Walking home along the polluted city streets, you could be forgiven for thinking of your home as a sanctuary from the fumes.
But when you get indoors you could be breathing in just as much pollution as you were outside.
And it could be causing you as much, if not more, harm.
Added to the background pollution that drifts indoors are the fumes from your carpets, furniture, gas appliances, air fresheners, polishes and cleaning fluids.
For the air inside your home is a cocktail of chemicals about which nobody knows very much.
Tim Brown, deputy secretary of the Brighton-based National Society for Clean Air, said: "The Government says stay indoors if there is an air pollution problem. But it is probably worse indoors than it is outside."
There are biological problems peculiar to our modern centrally-heated and tightly air-sealed homes.
Dust mites and other tiny creepy-crawlies often thrive in warm, dry conditions, possibly aggravating asthma and other allergies.
Chipboard can release formaldehyde and gas ovens produce high levels of Nox, a mixture of nitrogen dioxide and nitric oxide - often at levels high enough to spark pollution warnings if it was found outdoors.
The glues and dyes used in modern carpets and furniture give off a whole range of volatile organic compounds, known as VOCs in the trade.
The same compounds are found in man-made waxes, polishes and air-fresheners.
The smell in air-fresheners comes typically from one of them, limonene.
As with outdoor air pollution, the potential effects of long-term exposure worry researchers.
Mr Brown said: "There has not been a lot of work done on whether it is a danger but people with asthma, for example, should take precautions.
He said the Government should pin down what, if any, the health effects are of pollution in the home and people should be given advice about how they could minimise the risk.
He said: "It is difficult to point to really strong evidence of health effects, except in susceptible people. They might find themselves aggravating existing conditions.

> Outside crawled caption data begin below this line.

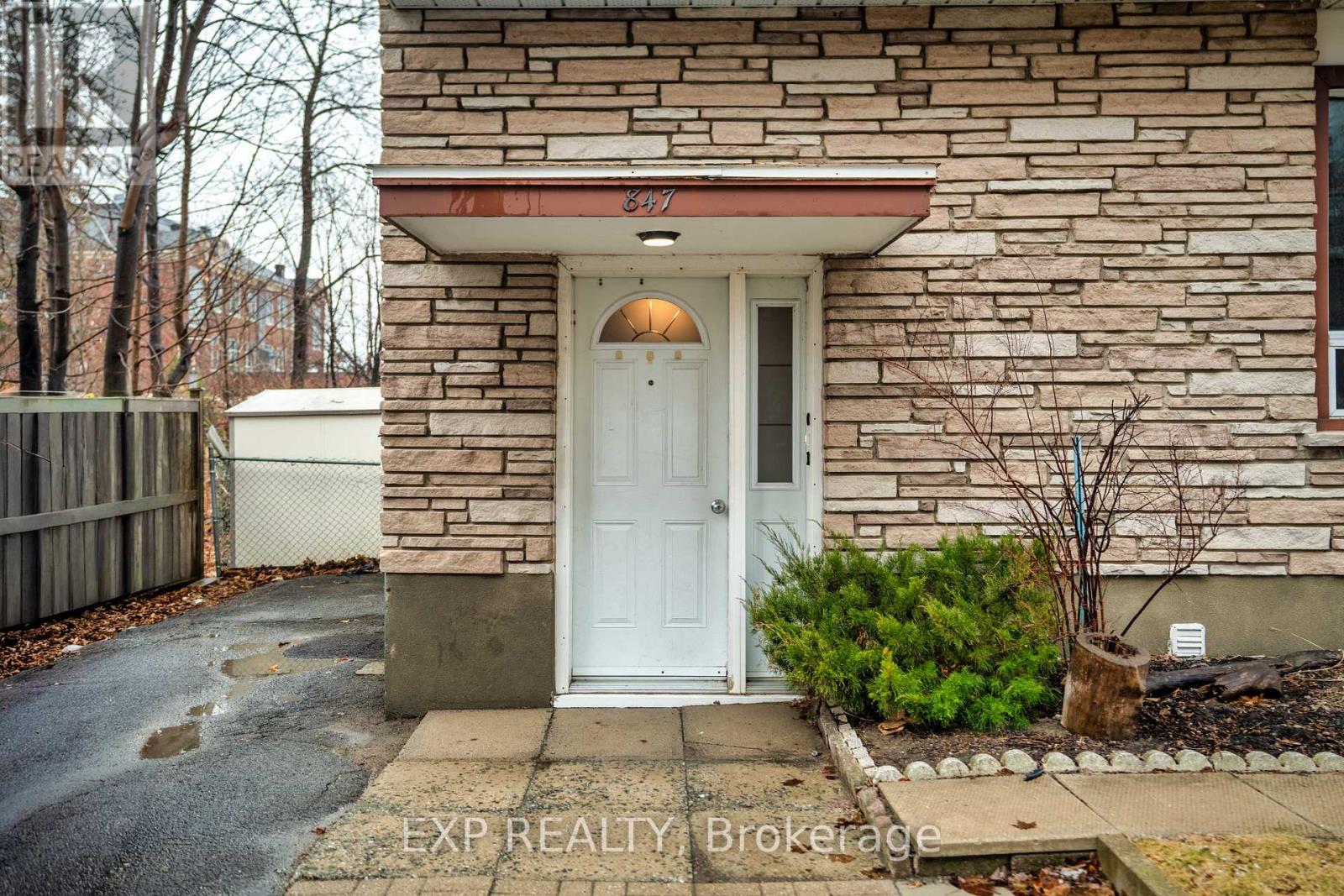 847 PINEWOOD CRESCENT, Ottawa, Ontario, K2B5Y3 — Photo 2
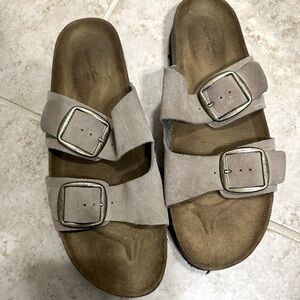 Universal threads Sandles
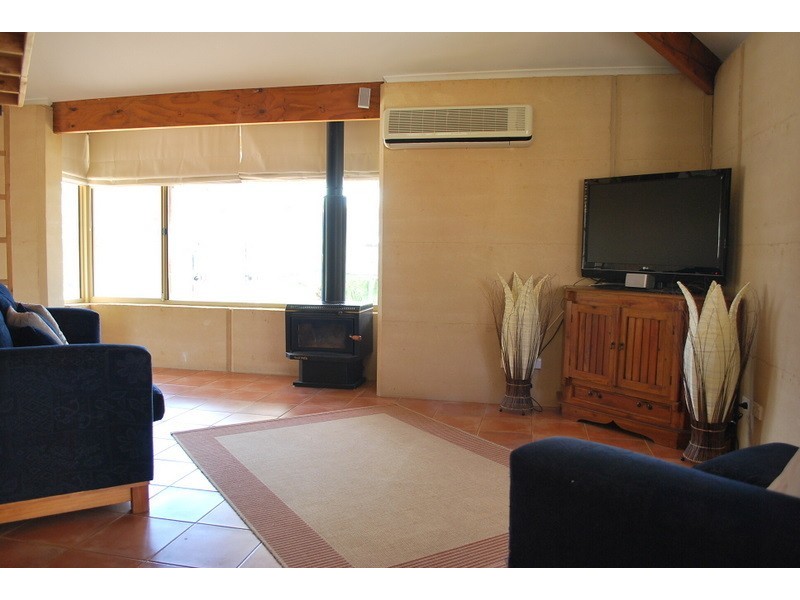 25 De Haer Road, Wandi WA 6167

"Nobody knows whether these VOCs, for example, are dangerous. They probably are not but they may trigger allergic reactions in some people. There is a big dispute whether they just make you feel a bit queasy or if they are carcinogenic.
"The interesting thing is, people get very upset about outdoor air pollution but are much less likely to do something about it in their own home.
"There are regulations covering the workplace. We have got objectives for outdoor air quality. The missing piece of the jigsaw is indoors."
One person who has tried to cut down the amount of pollution he is exposed to at home is Clive Pepe.
His house, in Carlyle Street, Brighton, is mostly carpet-free, using wood and lino floor coverings to reduce the risk.
There are other environmental benefits of this too. The wood used on the floors was recycled from a theatre in Eastbourne, while the lino is made from linseed rather than a man-made substance.
Mr Pepe, a trained microbiologist, said: "It is pretty well known that carpets are a massive sink for dust mites and this is a very big contributor for allergies and trigger for asthma."
He has kept some carpet, to absorb any pollution that remains. He said: "The danger is you have got all this stuff moving around so I have got carpets on my stairs and the plan is to change it every four years."
Old furniture went as well, to be replaced by beds, tables and chairs that used wood rather than chipboard and, just as importantly, the paints and treatments were natural not synthetic.
Mr Pepe said: "It is the slow, long-term release of compounds, particularly glues, but there are a lot of other things that you cut out.
"There has been very little study done of the individual chemicals, let alone in combination.
"You are never going to produce the perfect house. The goal was to do it on a budget affordable to the average person."
The Government has so far been wary of studying whether or not all this pollution is bad for us, with various departments playing pass the parcel as they try to avoid responsibility. It has ended at the Department of Health's door.
Kemp Town MP Des Turner said manufacturers could design out some of the problem substances if it was proved they posed a risk.
He said: "I doubt whether anybody really knows just how genuine a problem air quality in the home is.
"Some agency needs to take it upon itself to look at whatever evidence is currently available and try to get a hand on the size of the problem, if indeed it is a problem."